Note that this representation is a total rather than a partial function, as there cannot be any values
of the concrete type that do not correspond to values of the abstract type
(the index of a vector is non-negative).
structure NatSet2 :> NATSET = struct (* NATSET's as boolean vectors indicating presence or absence of * each element *) type set = bool vector val empty:set = Vector.fromList [] (* Raise a more reasonable error for negative numbers *) fun single(x) = if x<0 then raise Fail "Natural numbers are non-negative" else Vector.tabulate(x+1, fn(y) => x=y) fun contains(x,s) = x >= 0 andalso x < Vector.length(s) andalso Vector.sub(s,x) fun union(s1,s2) = let val len1 = Vector.length(s1) val len2 = Vector.length(s2) fun merge(i) = (i < len1 andalso Vector.sub(s1, i)) orelse (i < len2 andalso Vector.sub(s2, i)) in Vector.tabulate(Int.max(len1, len2), merge) end fun intersection(s1,s2) = let val len1 = Vector.length(s1) val len2 = Vector.length(s2) fun merge(i) = (i < len1 andalso Vector.sub(s1, i)) andalso (i < len2 andalso Vector.sub(s2, i)) in Vector.tabulate(Int.min(len1, len2), merge) end fun size(s) = Vector.foldl (fn (b,n) => if b then n+1 else n) 0 s end
You may be able to think of more complicated ways to implement sets that are (usually) better than any of these three. We'll talk about some alternative set implementations soon.

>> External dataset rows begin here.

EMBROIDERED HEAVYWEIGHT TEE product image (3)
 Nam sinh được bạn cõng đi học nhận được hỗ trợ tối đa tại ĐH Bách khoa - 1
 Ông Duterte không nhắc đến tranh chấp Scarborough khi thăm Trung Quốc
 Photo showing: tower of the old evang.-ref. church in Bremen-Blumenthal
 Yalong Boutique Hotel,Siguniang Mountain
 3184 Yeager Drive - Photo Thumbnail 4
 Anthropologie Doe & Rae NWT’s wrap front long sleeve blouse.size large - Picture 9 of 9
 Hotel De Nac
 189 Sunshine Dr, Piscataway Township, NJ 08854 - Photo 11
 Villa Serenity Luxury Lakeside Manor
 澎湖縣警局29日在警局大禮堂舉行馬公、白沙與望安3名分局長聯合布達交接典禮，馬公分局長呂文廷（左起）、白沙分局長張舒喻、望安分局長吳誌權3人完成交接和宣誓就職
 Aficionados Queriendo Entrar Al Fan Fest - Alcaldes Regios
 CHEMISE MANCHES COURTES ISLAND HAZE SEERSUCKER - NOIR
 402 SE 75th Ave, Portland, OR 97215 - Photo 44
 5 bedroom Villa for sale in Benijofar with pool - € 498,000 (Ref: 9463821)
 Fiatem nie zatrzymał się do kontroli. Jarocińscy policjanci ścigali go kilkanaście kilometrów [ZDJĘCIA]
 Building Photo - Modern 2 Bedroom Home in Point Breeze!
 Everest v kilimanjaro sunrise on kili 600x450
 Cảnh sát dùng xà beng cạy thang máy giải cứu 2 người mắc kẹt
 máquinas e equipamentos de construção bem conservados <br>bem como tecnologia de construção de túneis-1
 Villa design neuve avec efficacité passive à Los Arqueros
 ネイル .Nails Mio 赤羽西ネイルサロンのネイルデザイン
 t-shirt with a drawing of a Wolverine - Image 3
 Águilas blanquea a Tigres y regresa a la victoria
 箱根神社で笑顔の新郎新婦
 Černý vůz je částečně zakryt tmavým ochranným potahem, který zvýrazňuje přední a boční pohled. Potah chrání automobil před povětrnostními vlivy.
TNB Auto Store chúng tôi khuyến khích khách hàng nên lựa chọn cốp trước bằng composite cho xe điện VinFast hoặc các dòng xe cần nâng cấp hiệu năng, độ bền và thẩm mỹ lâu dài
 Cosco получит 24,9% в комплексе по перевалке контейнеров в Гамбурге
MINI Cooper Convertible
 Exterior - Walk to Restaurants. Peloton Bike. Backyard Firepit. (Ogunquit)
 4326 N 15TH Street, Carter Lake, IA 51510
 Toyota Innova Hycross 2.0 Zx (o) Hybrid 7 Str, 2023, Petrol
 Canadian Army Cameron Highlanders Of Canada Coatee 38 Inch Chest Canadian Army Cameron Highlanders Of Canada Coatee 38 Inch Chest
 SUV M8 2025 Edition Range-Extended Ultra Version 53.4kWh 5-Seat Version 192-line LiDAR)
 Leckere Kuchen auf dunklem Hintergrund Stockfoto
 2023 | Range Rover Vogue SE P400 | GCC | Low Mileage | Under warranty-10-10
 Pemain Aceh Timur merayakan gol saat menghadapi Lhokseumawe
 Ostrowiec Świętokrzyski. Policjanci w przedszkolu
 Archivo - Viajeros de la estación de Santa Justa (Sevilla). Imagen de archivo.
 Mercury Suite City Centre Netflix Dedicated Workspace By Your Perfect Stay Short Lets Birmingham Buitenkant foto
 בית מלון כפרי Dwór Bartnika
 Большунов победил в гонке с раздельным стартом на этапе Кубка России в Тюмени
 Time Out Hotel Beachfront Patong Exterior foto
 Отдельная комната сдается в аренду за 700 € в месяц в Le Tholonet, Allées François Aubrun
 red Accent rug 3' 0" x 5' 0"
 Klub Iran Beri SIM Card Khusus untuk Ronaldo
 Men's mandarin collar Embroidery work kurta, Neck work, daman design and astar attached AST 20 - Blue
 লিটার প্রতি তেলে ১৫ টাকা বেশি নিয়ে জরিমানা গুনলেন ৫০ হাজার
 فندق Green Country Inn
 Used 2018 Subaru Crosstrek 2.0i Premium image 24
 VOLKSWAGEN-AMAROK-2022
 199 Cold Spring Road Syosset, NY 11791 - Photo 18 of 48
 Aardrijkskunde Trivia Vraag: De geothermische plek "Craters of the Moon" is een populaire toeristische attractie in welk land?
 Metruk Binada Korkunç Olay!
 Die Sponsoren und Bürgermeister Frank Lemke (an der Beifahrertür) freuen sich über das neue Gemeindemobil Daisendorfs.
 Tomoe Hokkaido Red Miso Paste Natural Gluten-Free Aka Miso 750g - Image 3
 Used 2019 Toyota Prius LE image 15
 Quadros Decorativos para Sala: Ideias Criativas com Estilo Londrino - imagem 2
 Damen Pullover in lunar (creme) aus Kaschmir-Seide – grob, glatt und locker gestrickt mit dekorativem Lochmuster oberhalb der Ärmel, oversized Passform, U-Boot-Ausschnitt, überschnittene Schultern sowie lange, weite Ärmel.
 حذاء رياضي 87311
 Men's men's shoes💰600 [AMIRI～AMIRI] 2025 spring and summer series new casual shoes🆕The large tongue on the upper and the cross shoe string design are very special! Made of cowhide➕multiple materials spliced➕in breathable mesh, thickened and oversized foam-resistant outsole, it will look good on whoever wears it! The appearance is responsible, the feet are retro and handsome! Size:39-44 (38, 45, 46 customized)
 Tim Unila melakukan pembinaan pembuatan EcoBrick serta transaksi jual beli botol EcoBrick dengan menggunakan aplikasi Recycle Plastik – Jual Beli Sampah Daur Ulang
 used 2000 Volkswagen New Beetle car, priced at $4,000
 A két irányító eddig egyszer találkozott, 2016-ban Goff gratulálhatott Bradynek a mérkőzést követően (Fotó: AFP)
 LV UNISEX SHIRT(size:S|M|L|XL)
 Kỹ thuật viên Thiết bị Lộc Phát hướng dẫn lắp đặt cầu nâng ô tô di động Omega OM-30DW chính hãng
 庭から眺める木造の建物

An important role of specification is to enable local reasoning. A
module together with a specification of what it does allows someone to use the
module without looking at the rest of
it (its implementation). We can also judge whether the rest of the program works
just based on this specification, and without
looking at the code of the module. However, we cannot generally reason locally about the
individual functions in module implementations. The problem
is that we don't have enough information about the relationship between the
concrete types (e.g., int list, bool vector) and the
corresponding abstract type (e.g., set). This lack of information
can be addressed by adding two new kinds of comments to the implementation: and abstraction
function and a representation invariant for the data type.
It is important to note that a strong rep invariant is not always the best choice, because it restricts future changes to the module. As we saw in the simple case of enforcing no duplicates in a list, operations may be implemented assuming that that the rep invariant holds for the input. If the rep invariant is ever weakened (made more permissive), some parts of the implementation may break. Thus, one of the most important purposes of the rep invariant is to document exactly what may and what may not be safely changed about a module implementation. A weaker rep invariant forces the implementer to work harder to produce a correct implementation, because less can be assumed about concrete representation values, but conversely it gives more flexibility for future changes to the code.